Sir Bobby Charlton leads the way with 49 goals, followed by Gary Lineker on 48, Rooney then ties with Jimmy Greaves on 44 and Michael Owen completes the list of England strikers to have scored 40 or more goals.

Player Goals Caps Strike Rate per Game.
Sir Bobby Charlton 49 106 0.46
Gary Lineker 48 80 0.60
Wayne Rooney 53 119 0.45
Jimmy Greaves 44 57 0.77
Michael Owen 40 89 0.45

The Manchester Evening News  questioned the validity of Rooney's achievement by referencing not only the number of games he has played to achieve his 44 goals, but the strength of the opponents against whom he has played.

The average Elo rating of Gary Lineker's opponents is the highest of the group at 1,701, then Owen, 1,677, Greaves, 1,671, Charlton, 1,653 and finally Rooney, 1,581 implying that he is a flat track bully, who feasted on weak opposition.

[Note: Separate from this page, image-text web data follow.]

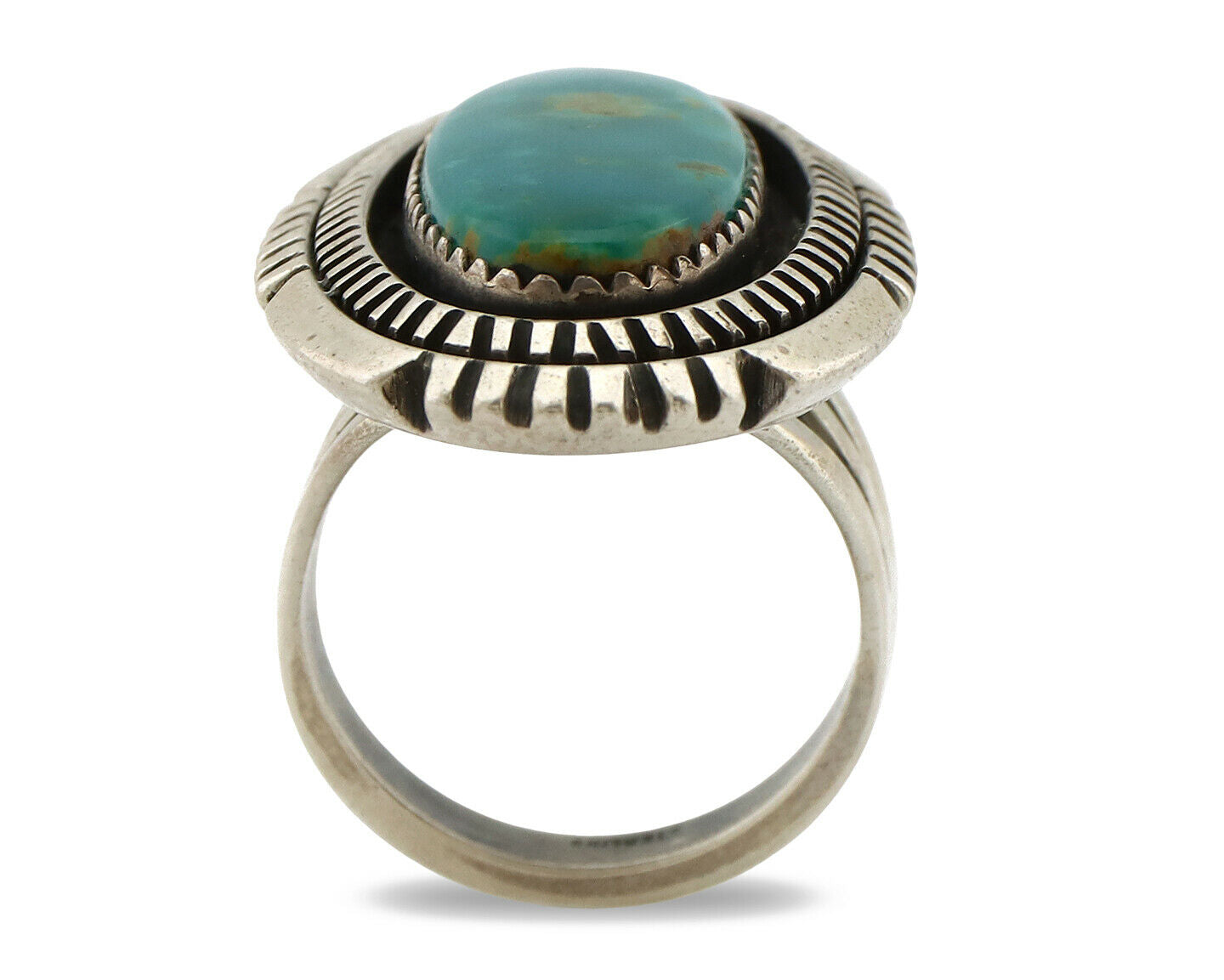 Navajo Ring .925 Silver Nevada Turquoise Native American Artist C.1980's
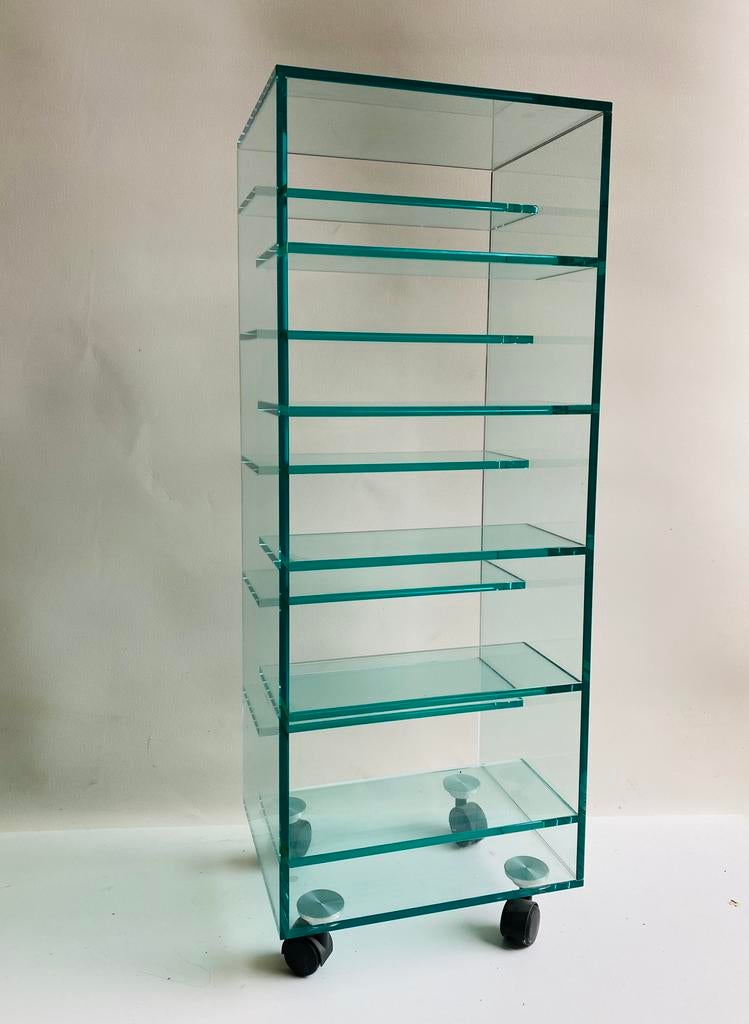 Glazen CD toren / rek , jaren 90, Ophalen, Gebruikt, 75 tot 150 discs, Onbekend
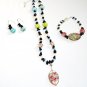 ST294 Murano Glass Necklace, Earrings and Bracelet in Sterling Silver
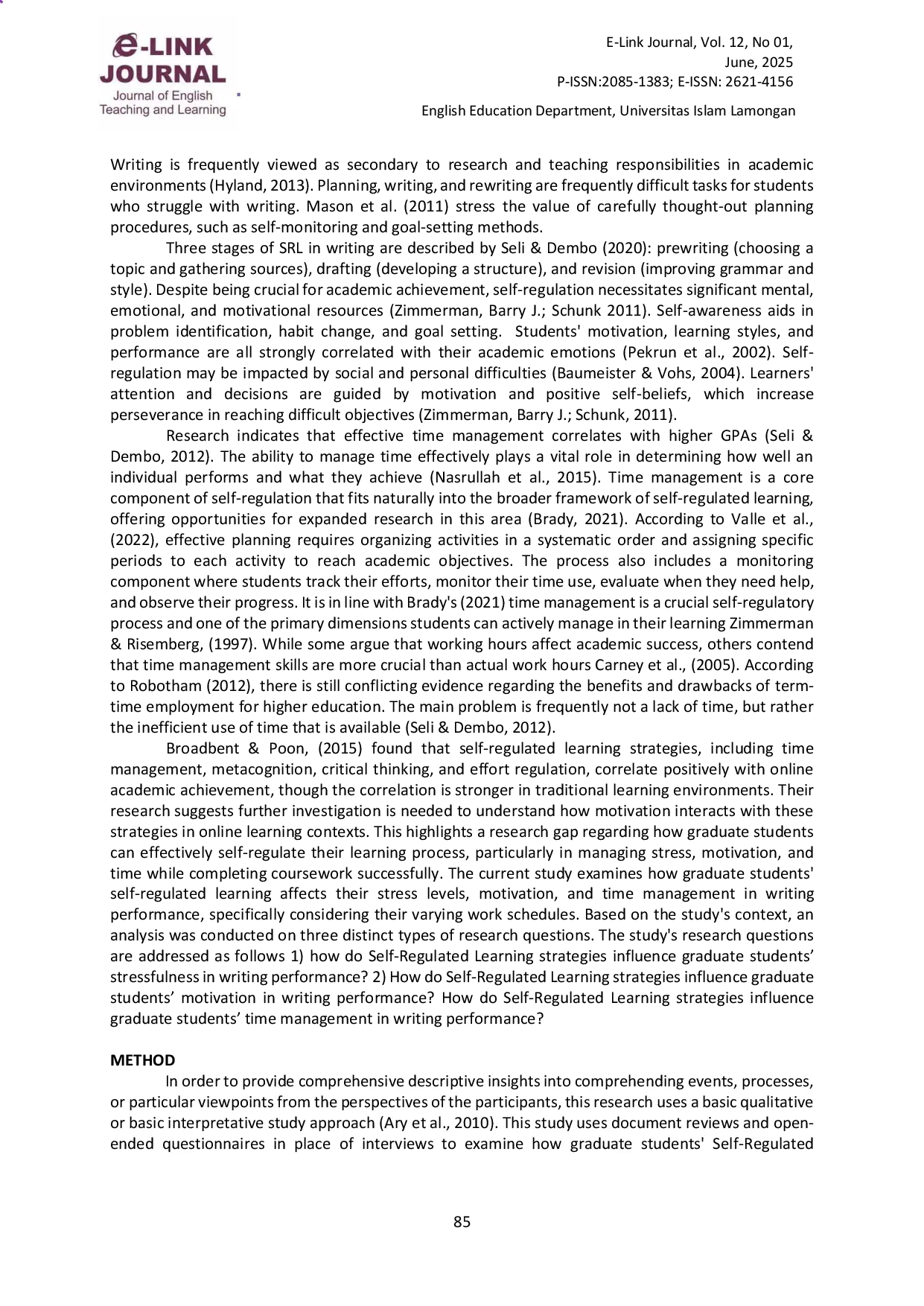 juris How Self Regulated Learning Strategies Influence Writing Performance Among Working Graduate Students
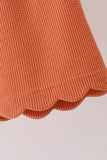 Terra-cotta scalloped pants set - Aaria Tees Aaria Tees
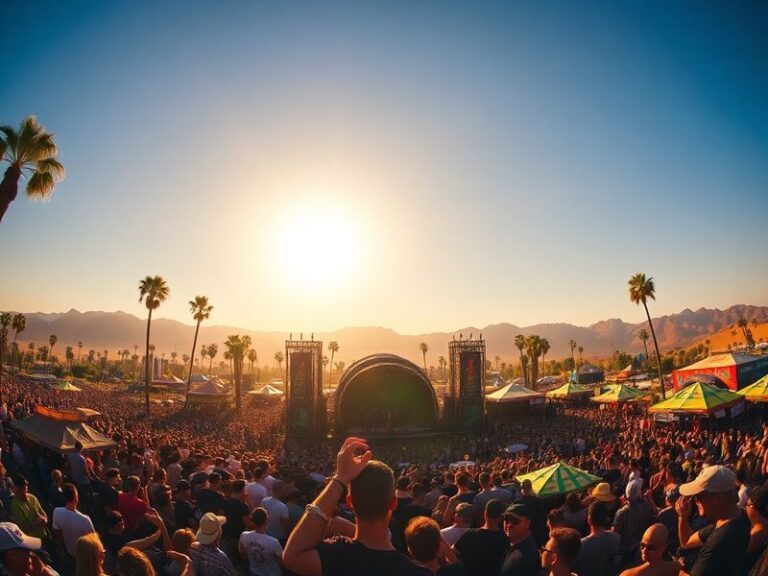 A vibrant aerial shot of the Coachella festival grounds at dusk, with illuminated stages and art installations. The scene cap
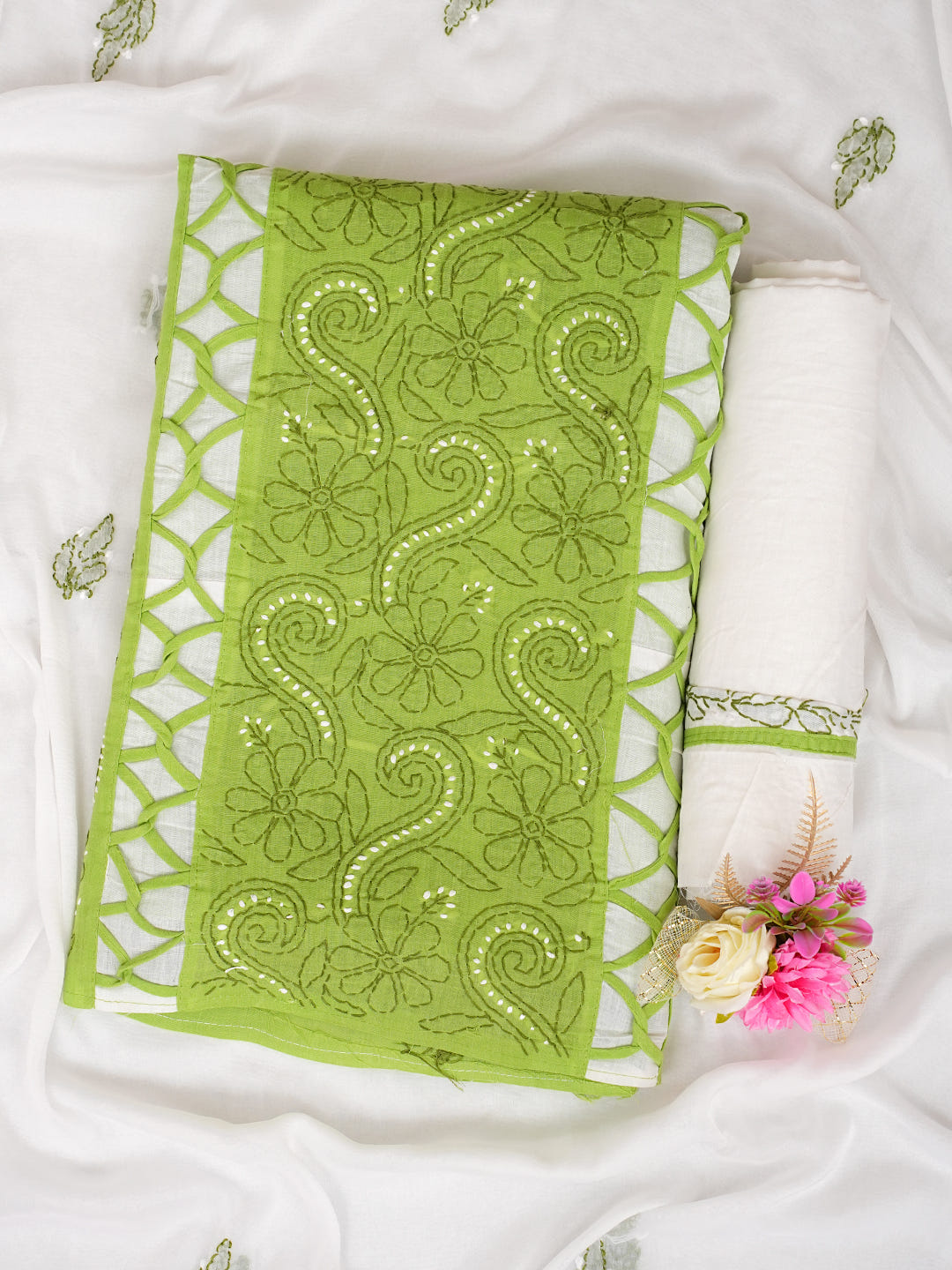 Ada Hand Embroidered Green Cotton Lucknowi Chikankari Unstitched Suit Piece With Chiffon Dupatta 01A905635_1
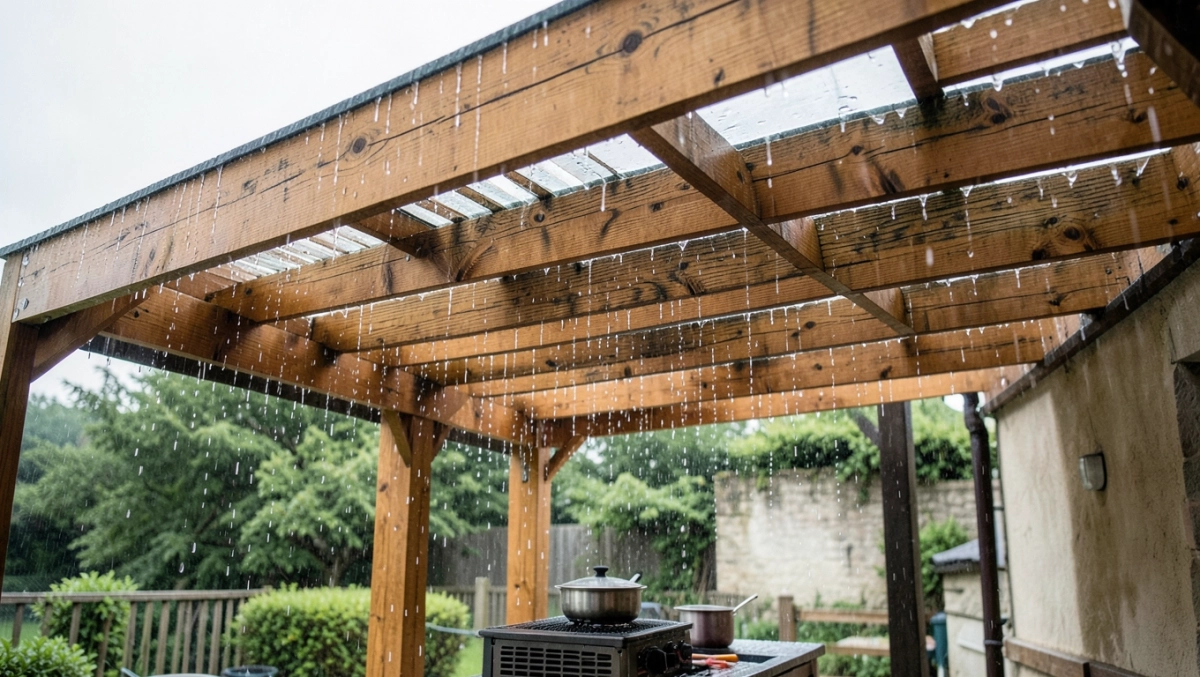 drewniane zadaszenie tarasu 3x5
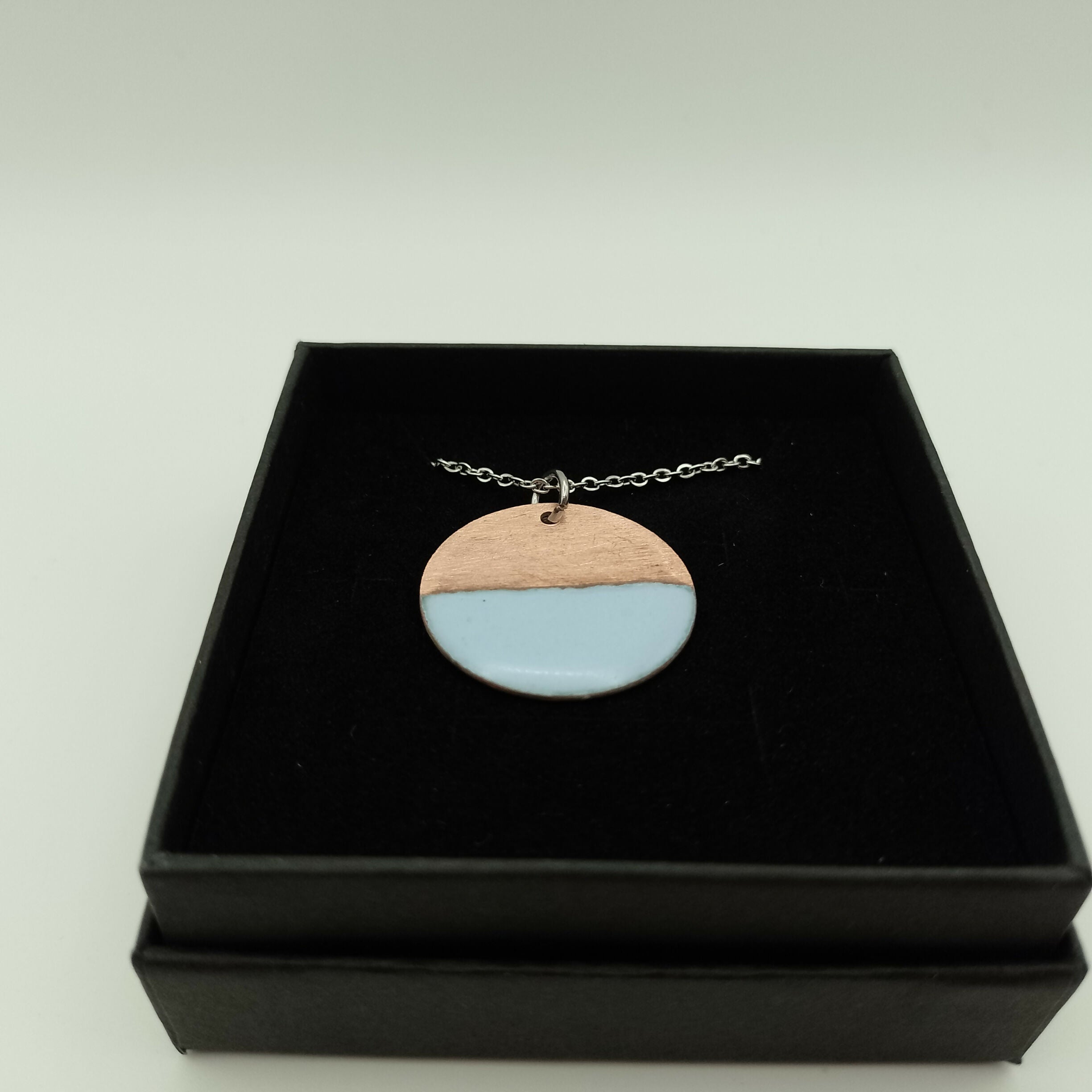 Light Blue Enamel Circle with Half Copper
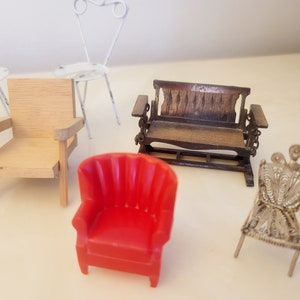 1950 to 1980s, NINE, Vintage Miniature Chairs, Couch, Vintage Swing, Vintage Dollhouse Decor Gift, Renwal, Die Cast, Vintage Childrens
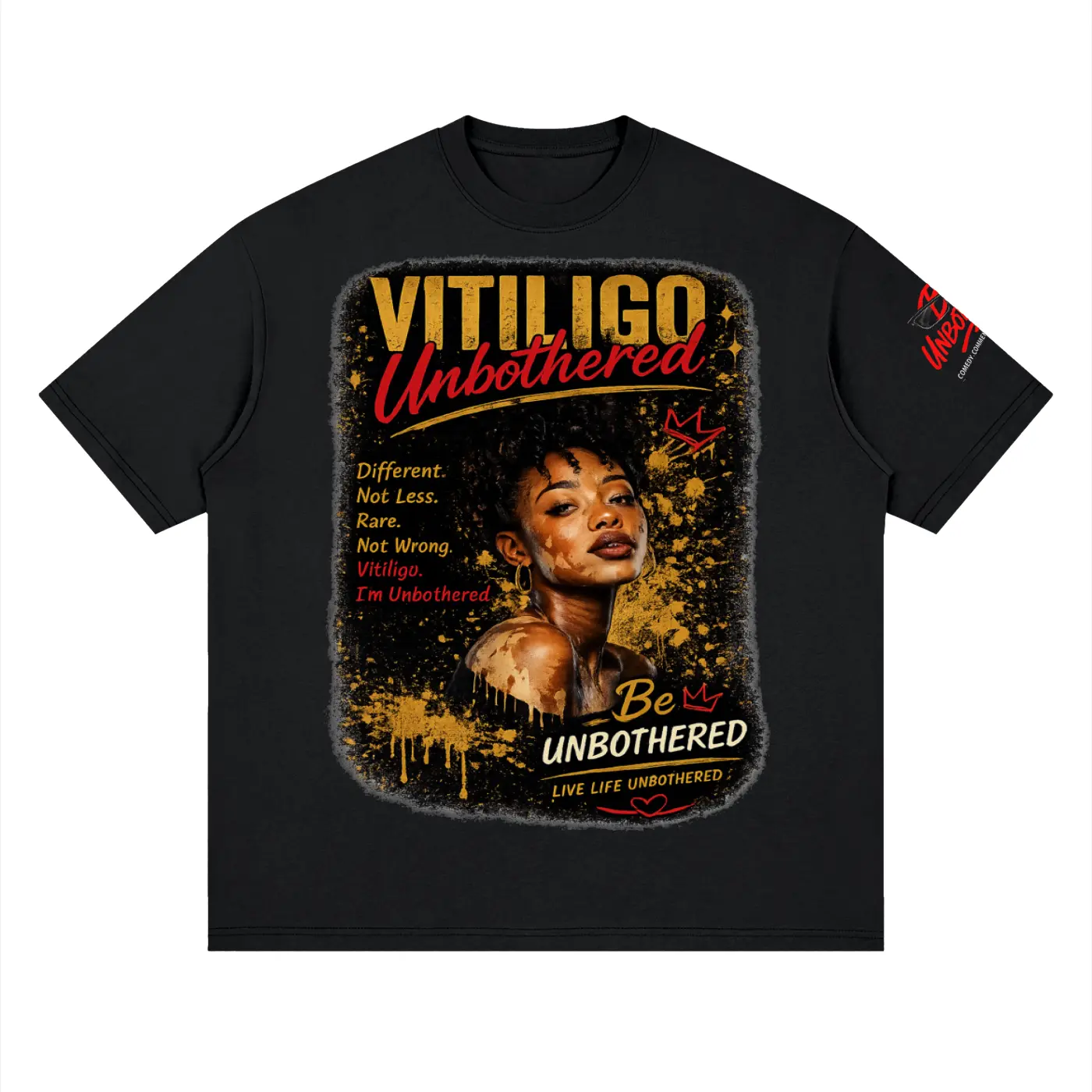 Women's Short-Sleeve Vitiligo Print Cotton Fabric Streetwear Tops, Loose Drop-Shoulder T-Shirt, Shortsleeve, Round Neck, Casual Wear, Loose Cut, Basic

However, this approach firstly fails to account for the different goal environment in which the five players scored their international goals.

Charlton and Greaves began their international careers in the late 50's, Lineker first appeared against Scotland in 1984, Owen debuted against Chile in 1998, overlapping with Rooney, who began his road to 100 caps against Australia in 2003.

The top English league in 1957/58 saw an average of 3.73 goals scored per game, this figure had fallen to 2.71 by the time Lineker was debuting for England and had drifted down to 2.63 when Rooney took on Australia.

In short, the goal environment was vastly different in the fifties compared to today, as illustrated in the plot below.

Therefore, Greaves and Charlton, regardless of the average Elo ratings of their opponents, began playing international games at a time when scoring was much more plentiful and it showed a gradual decline as the game moved into another century. This prolific scoring also appeared to spill over into international football.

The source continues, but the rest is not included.